Windsor to reconsider the town’s $52 million garbage contract
Just when it seemed Windsor had a new garbage hauling company for the next 10 years, the Town Council has had a change of heart, upending a multimillion dollar deal it struck last month over one of the town’s most basic municipal functions.
The move reflects political and legal hurdles facing a proposed Petaluma recycling transfer station proposed by the new operator and comes as Santa Rosa weighs its options for a new garbage contract, one of the most lucrative services that local cities outsource.
The Windsor Council on Tuesday night voted 4-1 to reconsider the contract it awarded to Green Waste Recovery Inc., citing unresolved issues over the company’s proposed Petaluma transfer station, including its proximity to residences.
As a result, four other companies that initially bid for the contract will have another shot at hauling Windsor’s commercial and residential refuse and reaping at least $52 million in revenue over 10 years.

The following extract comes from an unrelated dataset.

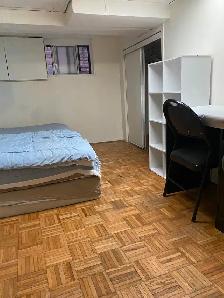 Cozy room in eastyork available from May 26th,single/couple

Windsor Councilman Sam Salmon, who initially voted May 17 to award the town’s contract to Green Waste, was the one who requested his colleagues reconsider their 3-2 vote, citing new information, including the proximity of homes to the Petaluma site.

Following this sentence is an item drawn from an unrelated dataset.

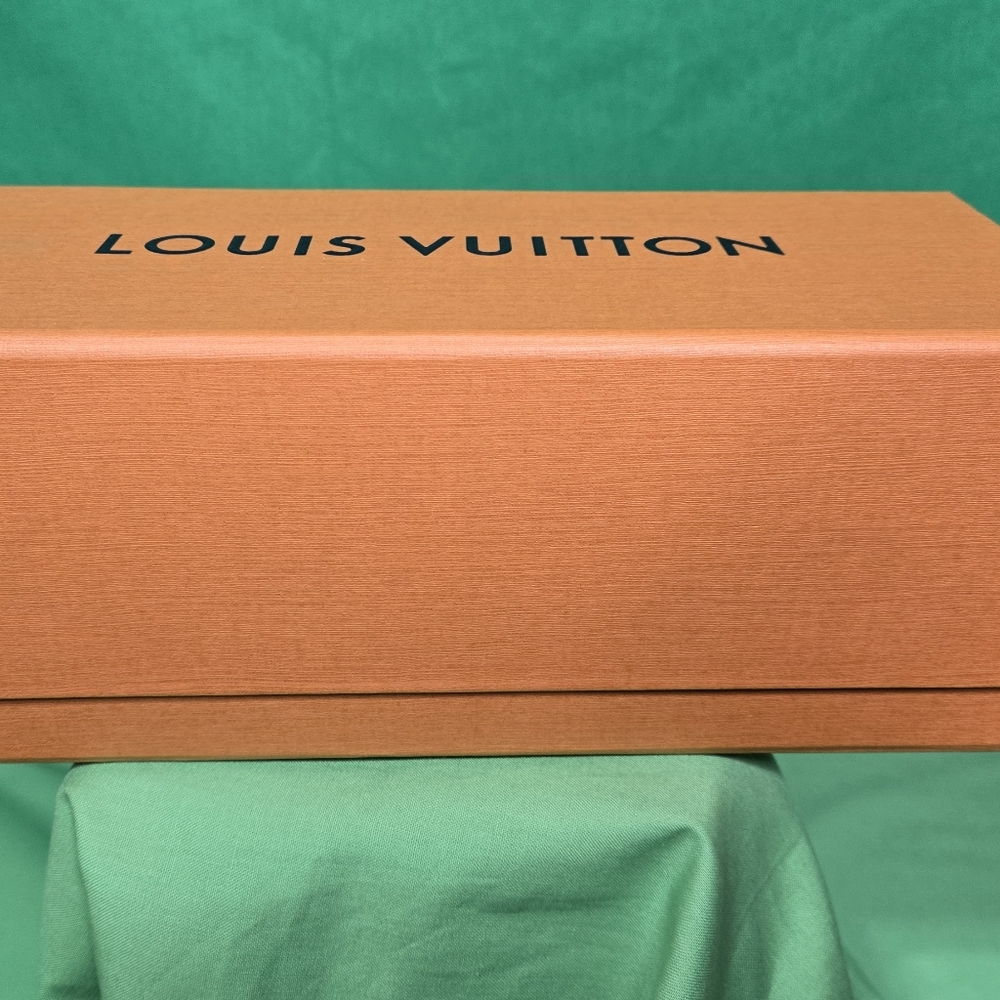 LV Box - empty - excellent condition - 10"x4"x4" - Picture 4 of 10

In a brief interview prior to Tuesday’s council meeting, Salmon, who is an attorney, said choosing Green Waste with the associated objections to the Petaluma facility may involve “more risk in terms of litigation.

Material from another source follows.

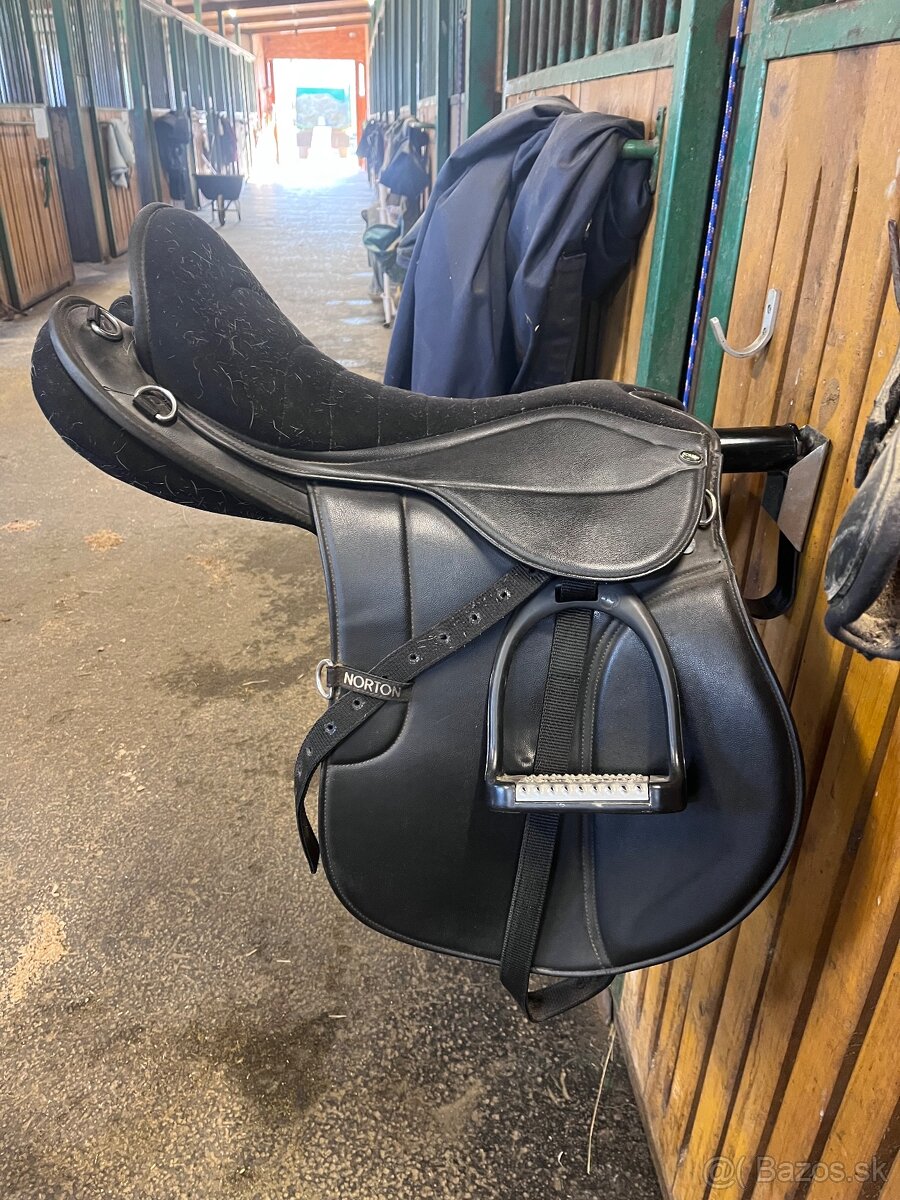 Sedlo Norton - 4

“There seems to be legal vulnerability on anything surrounding waste at this point,” he added.
The council’s reversal came amid threats of litigation over the lack of an environmental review for the Petaluma transfer site, as well as a letter from three Petaluma City Council members raising objections.
Although the site at 879 and 901 Lindberg Lane in Petaluma is zoned for industrial uses, council members there raised the specter of groundwater contamination and noted that it is directly next door to an occupied home. The 4-acre site also is across the street from retail and office uses, and close to a youth-oriented gymnastics facility.
“Although the site is relatively close to both the East Washington and Lakeville Highway interchanges on Highway 101, the surface streets connecting both intersections to the Lindberg Lane site suffer serious congestion. Traffic circulation is a serious concern,” Petaluma Council members Mike Healy, Gabe Kearney and Kathy Miller wrote to their counterparts in Windsor.
But their letter was in contrast to the position of Petaluma Mayor David Glass who went to Windsor two weeks ago to support Green Waste’s bid for the contract, saying the San Jose-based company was “first class” and delivered “really good service” when it was Petaluma’s hauler.
Windsor’s bidding process has been closely watched by Santa Rosa because many of the same players and issues have been involved as both cities look to renew their expiring garbage contracts.
The Ratto Group, the same company that holds Windsor’s expiring lease, also has a contract with Santa Rosa that runs out at the end of the year.
Santa Rosa winnowed the field of bidders down to two finalists: Green Waste and Waste Management, the nation’s largest garbage company.
Windsor’s other top choice was Sonoma County Resource Recovery, owned by Garden City Group, Marin Sanitary Service Group and its president Kevin Walbridge.